AstraZeneca announced that the US District Court for the District of New Jersey has denied Teva's Motion for Summary Judgment of no infringement in the Pulmicort Respules (budesonide inhalation suspension) patent litigation.
The court also announced that a trial date will be scheduled and is likely to be in January 2009. AstraZeneca will continue to focus on preparing for this trial and is confident in the strength of the intellectual property protecting Pulmicort Respules.
In October of 2005, AstraZeneca announced that it had filed a lawsuit in the US District Court for the District of New Jersey against IVAX Pharmaceuticals, Inc (now known as Teva Pharmaceutical Industries Ltd) for patent infringement. The lawsuit is the result of an abbreviated New Drug Application (ANDA) filed by Teva with the US Food and Drug Administration (FDA) concerning its intent to market a generic version of AstraZeneca's Pulmicort Respules in the US prior to the expiration of AstraZeneca's patents in 2018, with paediatric exclusivity extending to 2019.
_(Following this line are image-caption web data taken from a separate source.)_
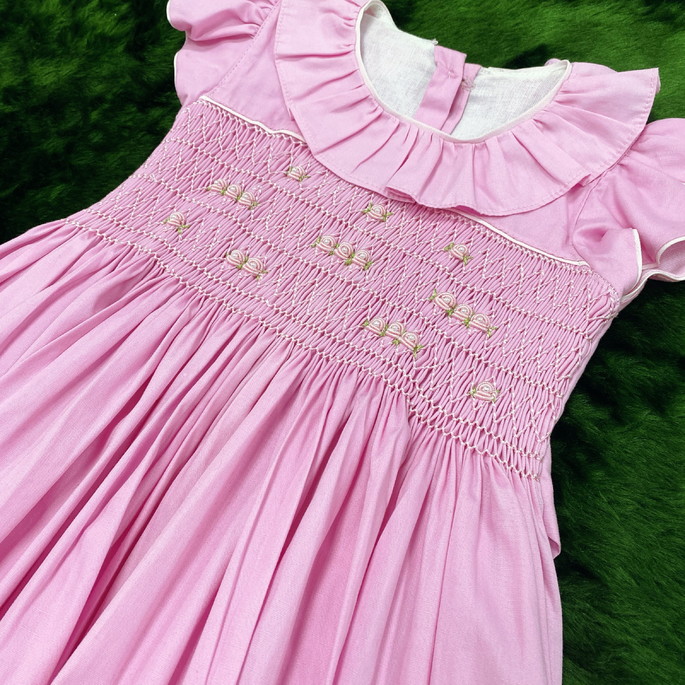 Imagem 2 - Vestido-rosa Bordado a Mão= 3 Anos
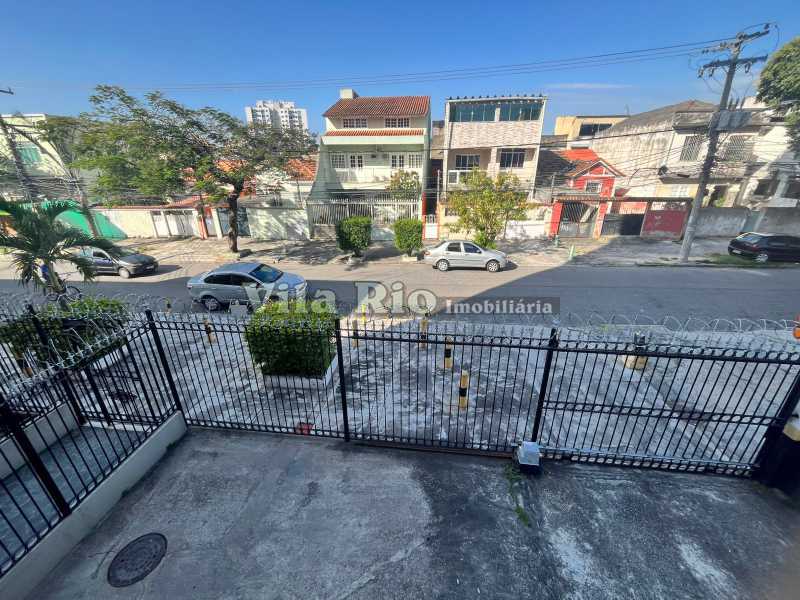 7f27637a-6c14-42fd-940d-2c4edb - 18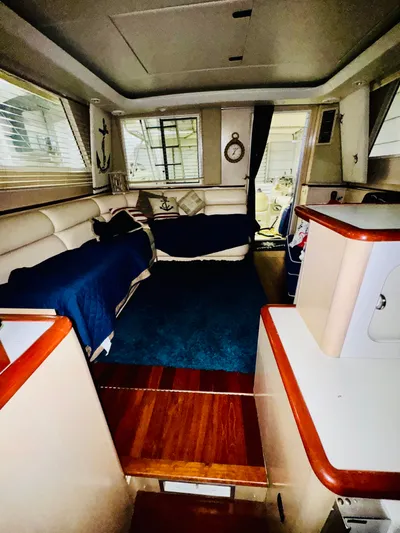 Ten To Eight Yacht Photos Pics 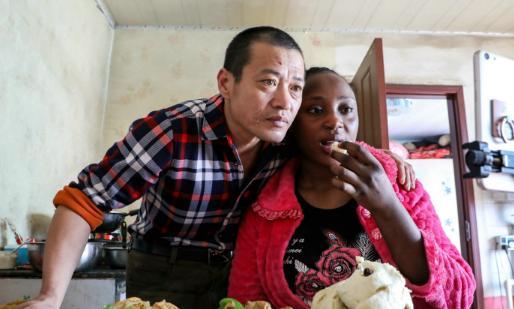 有些中国人到非洲工作，为何不到1年就娶非洲女子为妻？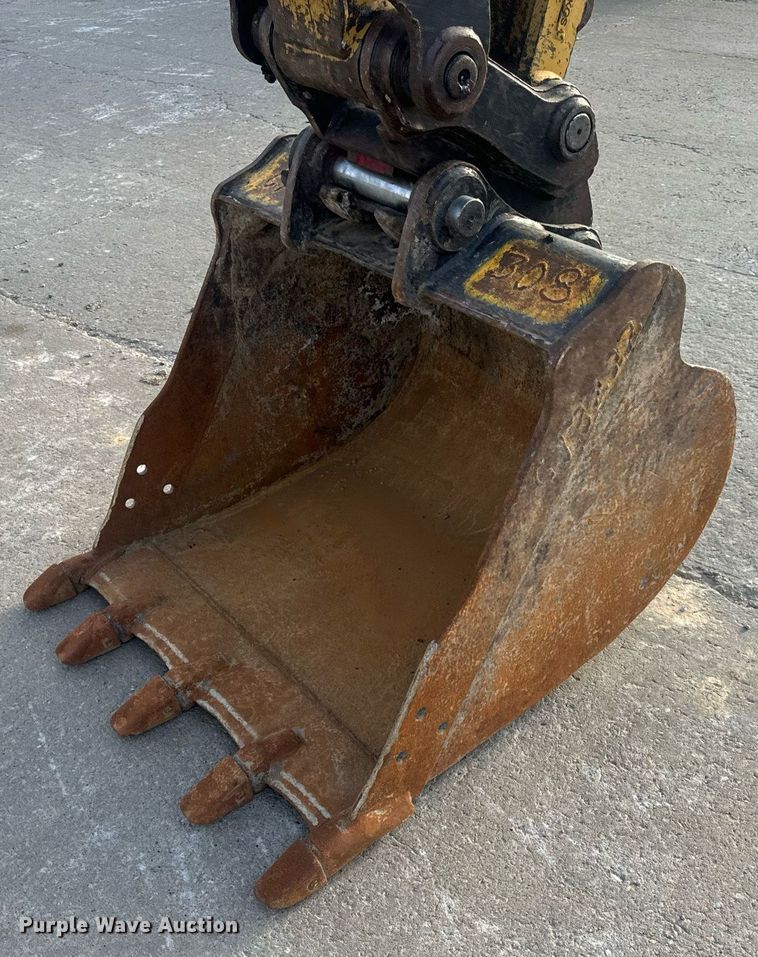 image for item EN5204 2017 Caterpillar 308E2 CR mini excavator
The FDA has not approved a generic form of Pulmicort Respules, and has not yet responded to AstraZeneca's Citizen Petition, filed in 2006. The petition outlined AstraZeneca's willingness to work with the FDA to ensure that any follow-on budesonide inhalation suspension product is as safe and effective as Pulmicort Respules.
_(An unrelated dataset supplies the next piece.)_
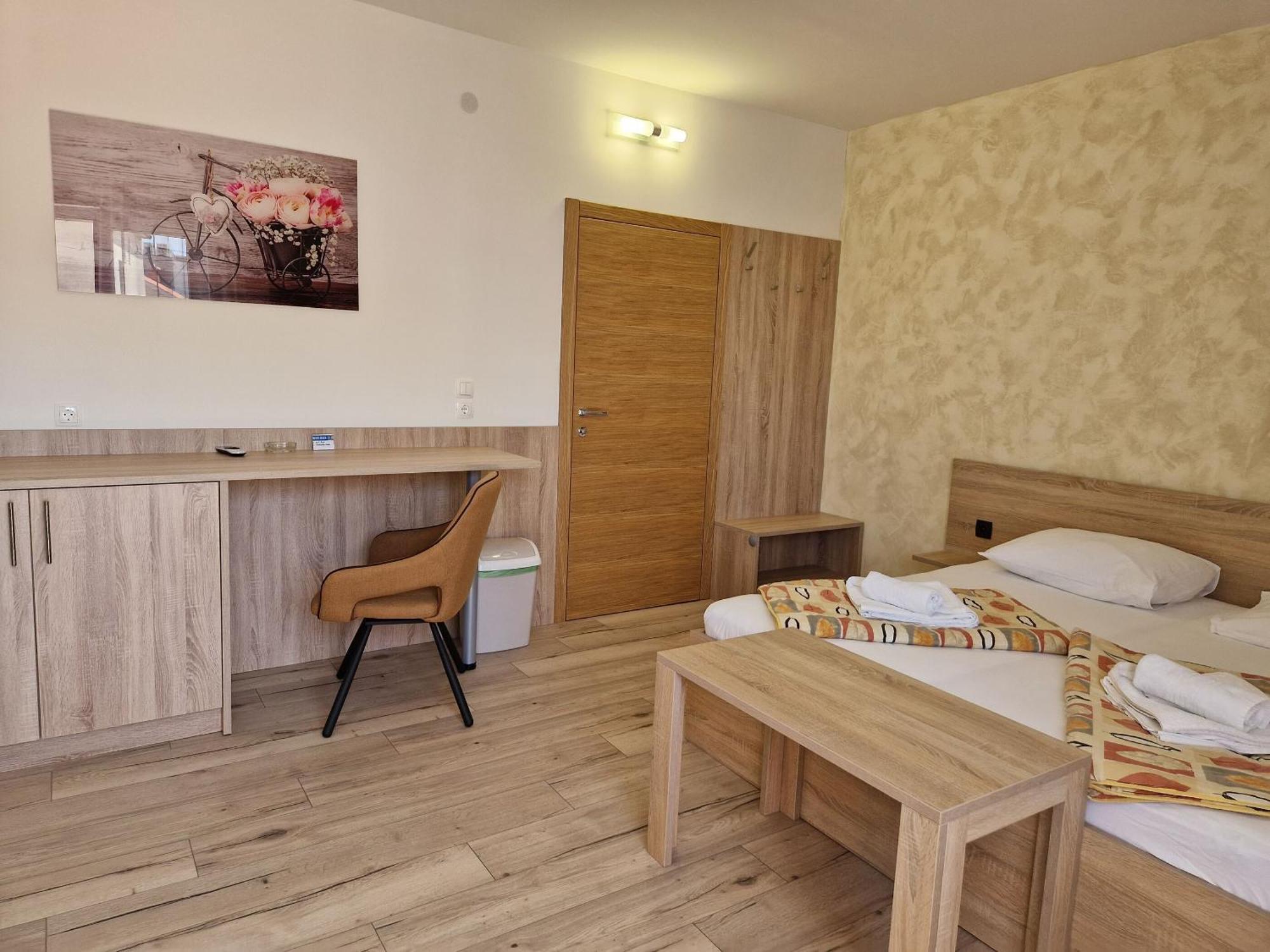 Apartment And Rooms Amenka نوفاليا المظهر الخارجي الصورة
Pulmicort Respules is a preventive, maintenance asthma medicine indicated for use in children 12 months to 8 years of age in the United States. Full-year US sales for Pulmicort in 2007 totalled $964 million, about 90 percent of which is accounted for by Pulmicort Respules.
AstraZeneca is a major international healthcare business engaged in research, development, manufacturing and marketing of prescription pharmaceuticals and supplier for healthcare services.